Ils ne pouvaient plus se cacher la réalité : leur affaire marchait de moins en moins bien. Le chiffre ne cessait de diminuer. Certes, il y avait eu le Covid et l’affreuse année 2020, mais la pente était amorcée depuis 2015 au moins, si ce n’est 2012. Ils devaient le reconnaitre, ils n’arrivaient pas à redresser la barre. 

Ils avaient monté leur hôtel en 1991. Cela faisait donc 30 ans. Lui cuisinier, elle serveuse de restaurant, ils s’étaient rencontrés, mariés, et, assez vite, avaient décidé de « créer quelque chose ». Ce projet était devenu consubstantiel de leur amour, au même titre que l’enfant, Adeline, née deux ans avant l’ouverture de l’hôtel.

Car c’est un hôtel plutôt qu’un restaurant qui s’était imposé à eux. 

D’abord, ils connaissaient trop la fragilité d’un restaurant pour avoir envie d’en monter un. Un hôtel était solide, s’imposait dans une ville, tandis qu’un restaurant dépendait des modes et de la concurrence, permanente, car des tas de gens s’improvisaient restaurateurs et les ouvertures pullulaient, avec plus ou moins de réussite.

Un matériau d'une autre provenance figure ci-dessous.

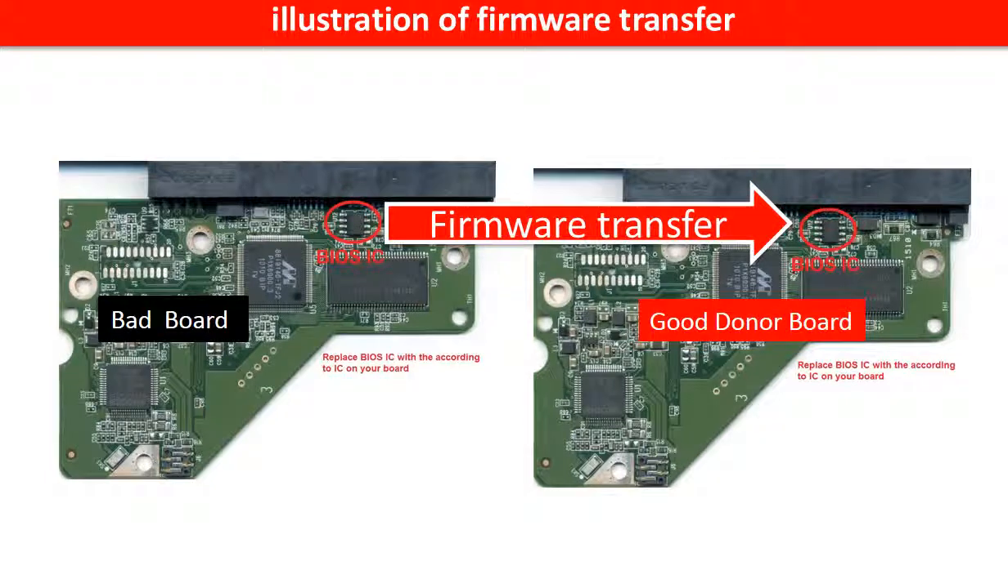This picture illustrates how to do firmware transfer. On the left-hand side is a bad controller board, and on the right-hand side is a good controller board. Controller board firmware transfer means we transfer the data from the memory chip on the bad board to the memory chip on the good donor board.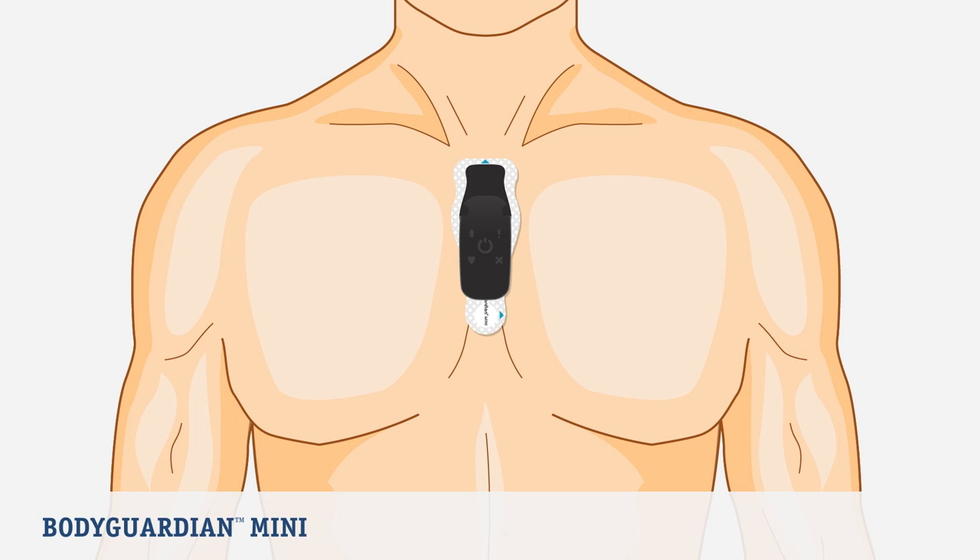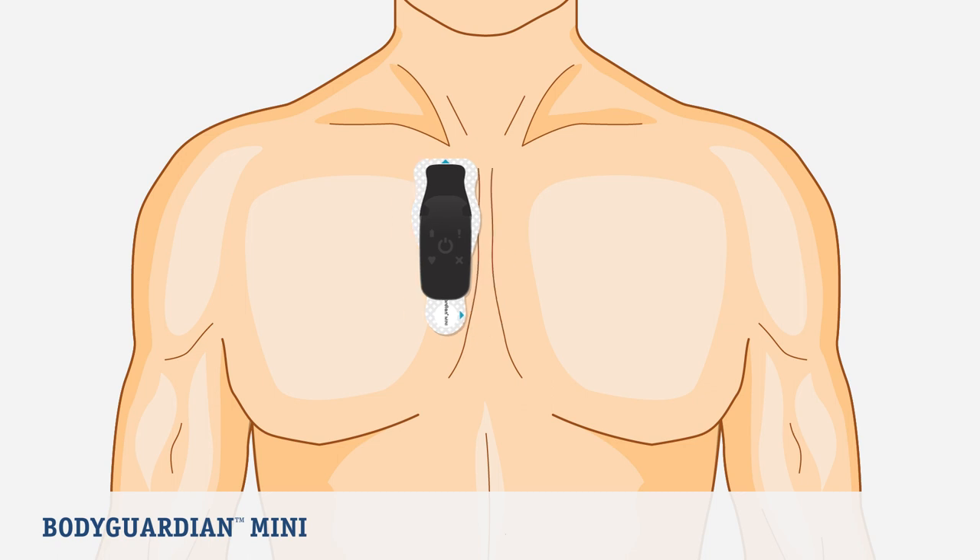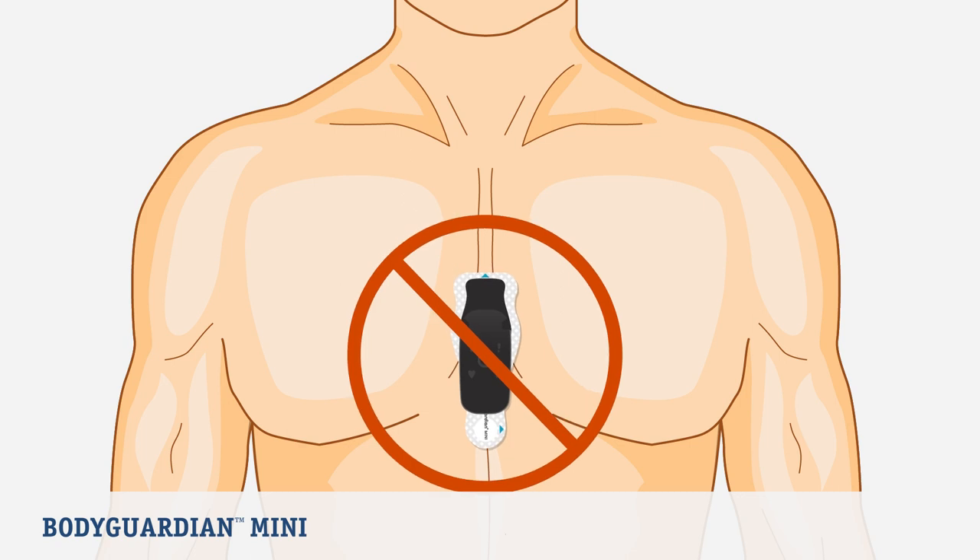Now it's time to place the BodyGuardian Mini on your chest in your selected location. If you choose the preferred vertical placement, place the top of the strip just below the jugular notch at the base of the neck, at the intersection of the collarbone. Do not place the strip too far to the right or too low.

Ensuite, ils rêvaient d’accueillir des visiteurs dans leur bonne ville du Puy, en dehors de laquelle ils ne se voyaient pas vivre. Les gens appréciaient qu’on donne le meilleur de soi pour les nourrir et les loger, mais si en plus on leur faisait aimer la ville où ils s’arrêtaient, cela créait un véritable attachement. Les qualités de l’hôtel devenaient partie intégrante des souvenirs de vacances, les hôteliers figuraient les personnages indispensables de l’histoire que l’on aurait à (se) raconter au retour. Franck et Laura, c’était leurs prénoms, se voyaient bien dans la peau de ces personnages, typiques et sympathiques.

Cela avait bien démarré. On pouvait même dire que les dix premières années avaient été fantastiques. Il y avait du monde, de la vie, de la joie, l’hôtel plaisait et gagnait en renommée, fréquenté aussi bien par des vacanciers que par des personnes en déplacement professionnel. Les clients y revenaient : des commerciaux, des enseignants, des marcheurs et des estivants. Franck essayait des recettes, adaptait en permanence, se prenait au jeu. Laura ne cessait d’embellir la salle à manger, le salon, les chambres. Ils travaillaient avec une femme de chambre et un commis de cuisine, assuraient tout le reste. Ils ne distinguaient pas la vie personnelle et la vie professionnelle, et ça leur convenait ; ils aimaient travailler.

Il est vrai que cette période, la fin du XXe siècle, était d’une incroyable légèreté par rapport à ce qui allait suivre. Dans les années 90, il n’y avait pas de terrorisme, pas de communautarisme, pas de haine en ligne, pas d’indignation systématique, pas d’apprentis dictateurs plébiscités par les médias, pas d’information continue, pas d’enfants et d’adultes abrutis par les écrans. Un monde perdu, à tout jamais. 

– Internet, ça a été le début de la fin, constatait Franck, et il n’était pas seul à le penser.

En effet, la décennie suivante avait été plus difficile. Ils avaient pourtant plus de métier, et chacun sait que, quel que soit le domaine, l’expérience est le facteur essentiel pour la compétence. Mais la concurrence avait augmenté. Les grands groupes investissaient ou réinvestissaient la place : Ibis Budget, Ibis Style, Kyriad, Campanile, sans parler des indépendants du Régina, du Dyke, du Bristol, qui refaisaient tous leurs chambres et leurs entrées. Franck se demandait cependant comment on avait pu accorder 3 étoiles aux Ibis Style, dont le confort était aussi déplorable que le service.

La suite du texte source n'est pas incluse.